The project involves repatriation of refugees to new communities and includes literacy and financial training, as many of the participants will have had little access to education.
The goal of the project is to empower and provide the micro-entrepreneurial training for 200 repatriated refugee families, impacting at least 1,000 people, by 2019.
Funding: This project is funded by donations from the Australian public.
Working with the Afar people in northern Ethiopia, the Supporting Community FM Radio project is establishing the first ever FM radio station in the region.
The station has the full support of the Afar Pastoralist Development Association but operates as an independent entity with its own Board of Directors. The station is aiming to be fully independent by June 2018.

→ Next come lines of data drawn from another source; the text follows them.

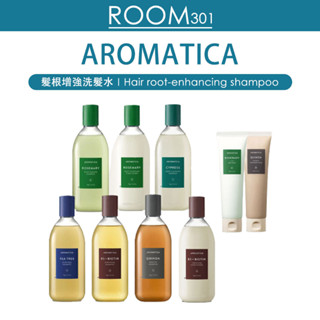 Dầu Gội Và Dầu Xả Hương Thảo (400ml) Chiết Xuất Trà Tử Và Quinoa Biotin Chăm Sóc Tóc Trị Rụng Tóc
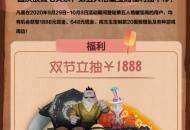 免费抽1888元现金！网易藏宝阁国庆福利大放送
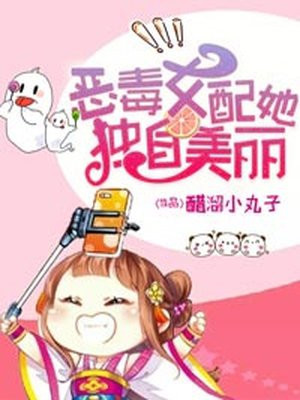 推理要在晚餐后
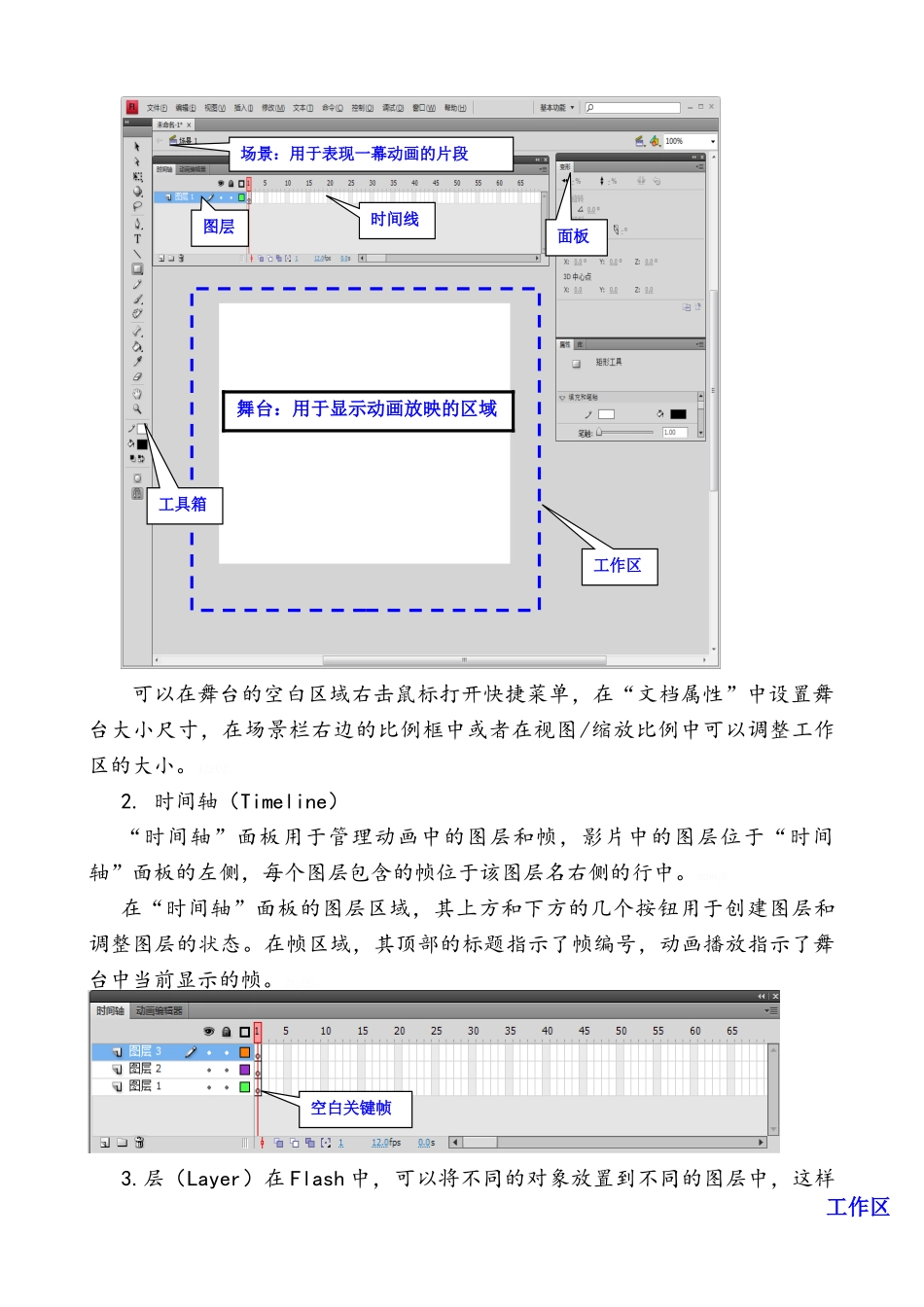 教师信息技术应用能力培训讲义_第2页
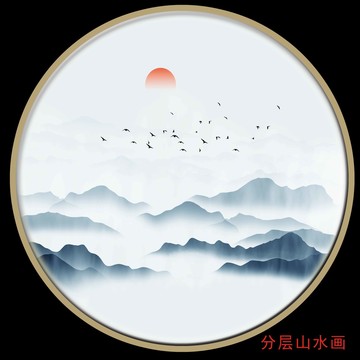 水墨圓形掛畫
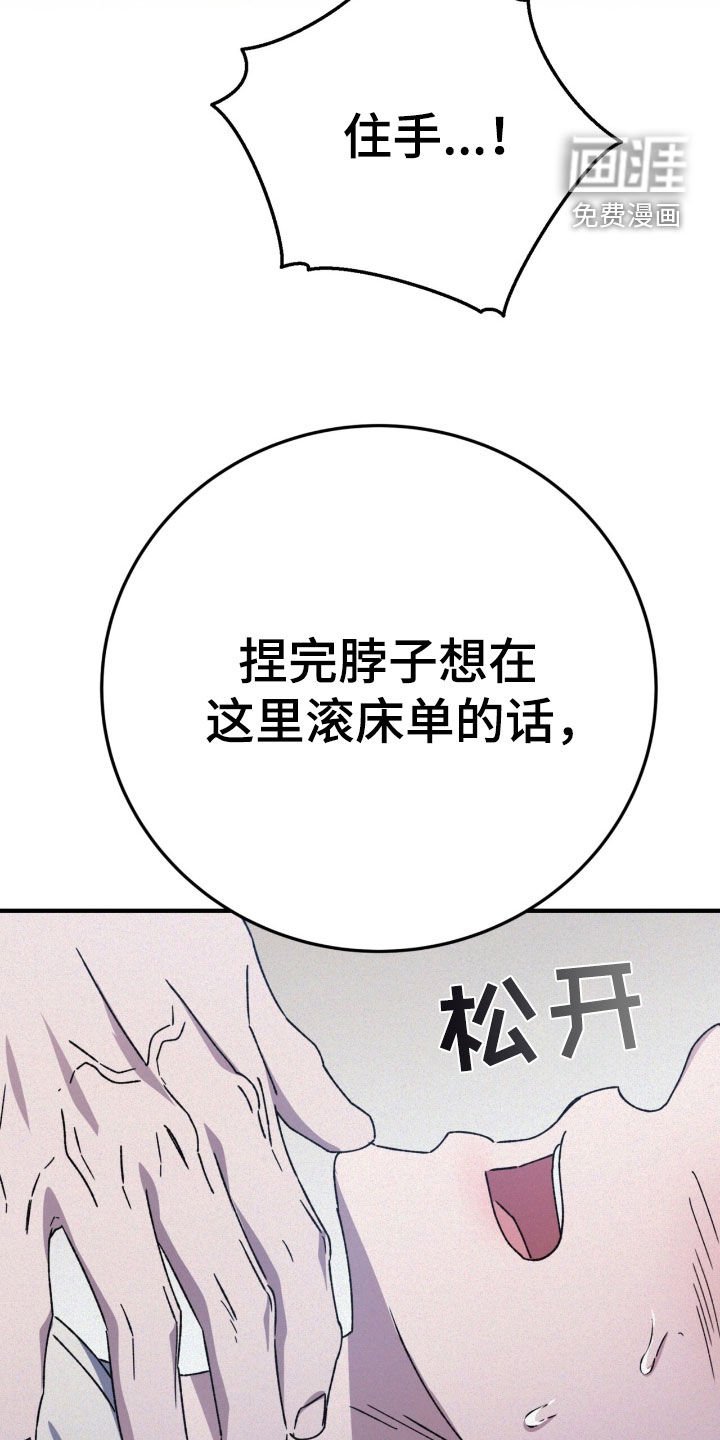 第94章：蠢货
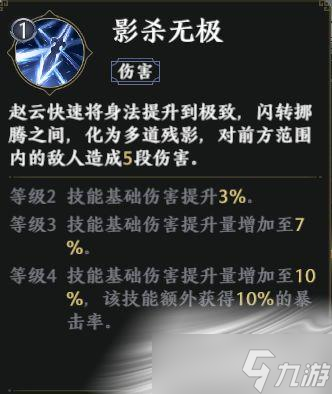 《极无双2》武将赵云玩法介绍
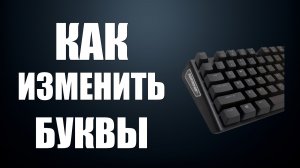 Как изменить буквы на клавиатуре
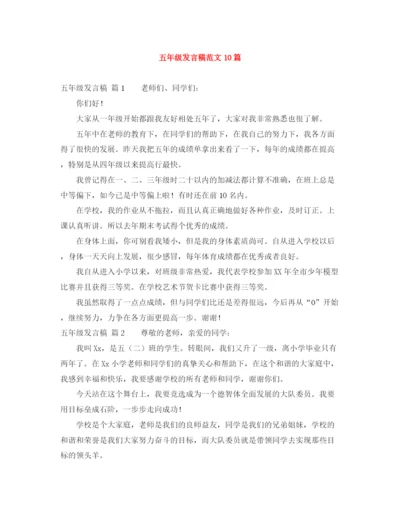 精编之五年级发言稿范文10篇.docx
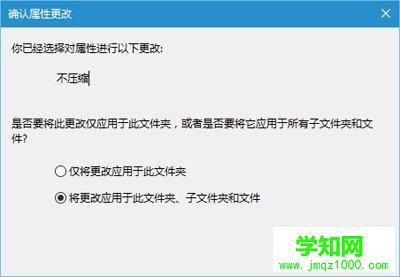 确认属性更更改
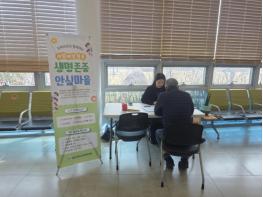 울주군 삼남읍, ‘생명존중안심마을’ 정신건강 스크리닝 실시 기사 이미지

The Afar region has the lowest level of development in Ethiopia. The literacy level is approximately 23%, so the nomadic community is greatly benefitting from the radio station by allowing them to engage in dialogue about development.
Funding: This project is funded by donations from the Australian public.
We are supporting the Biotisho project in Kenya. This project aims at improving health access for Maasai mothers and babies in Laikipia County in the north of the country, in the Diocese of Mount Kenya West.
The Biotisho project is building on the significant impact of The Road Less Travelled (TRLT) project, which was a five year grant from the Australian Government. TRLT contributed to a 400 percent increase in mothers giving birth in a health centre as opposed to giving birth at home.
The Biotisho project is a partnership between the Anglican Church in Kenya and the local Ministry of Health.
The other project we are supporting in Kenya is the Imarisha Kwa Kuzingatia Haki Na Usawa project, which means ‘Improving the quality of lives by enhancing rights and equality’. This project is implemented in Nyeri County in the Diocese of Mount Kenya West. The project seeks to build safer communities, by addressing the link between poverty and violence against women and children. The Anglican Church of Kenya aims to raise community awareness about the realities of domestic violence, and how to support survivors.
Training and education about violence and child protection is provided to a range of groups, including schools, community leaders, through health centres and for government workers.
The project has also launched a program to train clergy in the roles they can play in reducing gender-based violence and protecting children. Community leaders who have been identified by the government are also being trained to check on the security of women as well as their social welfare needs. On top of that, children are being protected in terms of their vulnerability to abuse, neglect and child labour.
Through this project, the Anglican Church of Kenya also aims to equip people with skills to provide for themselves and lift themselves out of poverty. It has established community gardens and is helping farmers introduce new methods to improve sustainability and productivity, particularly in a changing climate. Farmers are also learning about how to increase their income from farming.
Funding: The Biotisho project is funded by donations from the Australian public. The Imarisha project is funded by grants from the Australian Government’s aid program and donations from the Australian public.
In India, lack of skills and jobs leads to the exploitation of men, women and children in slum communities, but women particularly have less choice, often being forced into sex work to survive.
In Kolkata, Cathedral Relief Service’s Women’s Empowerment Project is leading skills training in tailoring, beautician work and other livelihoods opportunities for more than 300 women in slum communities so they can provide for themselves and their families. The project also includes financial literacy and savings club training, along with gender-based violence awareness raising.
Funding: This project is funded by donations from the Australian public.